Clyde questions the usefulness of the metric known as the global average temperature. To me, it is useless. If you want a useful metric for global temperature you need to look elsewhere.
well, at the ripe old age of 72, all I wanna know is the temperature just outside my house- screw the rest
Yes, sometimes knowing whether a coat will be needed, or if delicate plants need covering, is all that is important. Usually, 1 to 10 degrees is adequate for such life choices. Which explains why for so many years thermometers were only read to the nearest degree.
Sometimes, knowing the magnitude of some property is useful. However, trying to measure it more precisely may just result in adding noise to the estimate. I think it would be more accurate to say that I feel that a GAT tells us a little about something of importance. However, it is commonly used inappropriately and assigned more importance than it warrants, particularly with respect to the precision that is claimed.

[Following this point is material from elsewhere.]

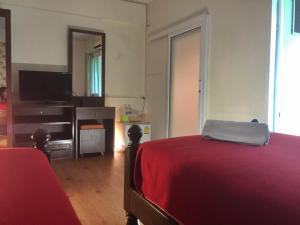 1 dormitorio con cama roja y TV en T.U.B. Mansion, en Nonthaburi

The problem is that the GAT is not a property. it is a calculated metric that is poorly done. Even its magnitude tells you nothing you can use let alone measure.
The average height of men and women can be used to create a metric as well. At least that is measuring a property. Is the average useful? If it is then what is it useful for? It’s the average of a bi-modal distribution and tells you almost nothing about each of the modes. That metric can go up because women are getting taller, because men are getting taller, or a combination. How do you judge which it is? And what do you use that increasing average for? If you don’t know what is causing it then do you just buy bigger t-shirts for everyone based on the greater average?
I simply do not agree that the GAT tells you anything about anything. It’s a useful propaganda tool and that is about it.
It amuses Brench on those cold winter nights when the global average tv programme is not worth watching.
In response to “Mr.”, the global mean lower-troposphere or surface temperatures are derived from real-world measurements by methods that are published. To attempt to suggest that they are “conjecture” that “has absolutely no connection to anything that exists in reality” is silly.
A slight caution: just because the methods are published that doesn’t mean they are correct. The only real test is if they give results that matches reality.
Here’s the full UAH graph showing the pause in blue. The red line is the trend up to the start of the pause, extended to the present. That is it shows where temperatures might have been if we hadn’t had this pause.
Where is the warming of the 30s?
Didn’t happen 😉
Not in the satellite data, it didn’t.
They didn’t have satellites in the 30s. Nor did we have blacktop, Walmart’s, Targets…you know progress.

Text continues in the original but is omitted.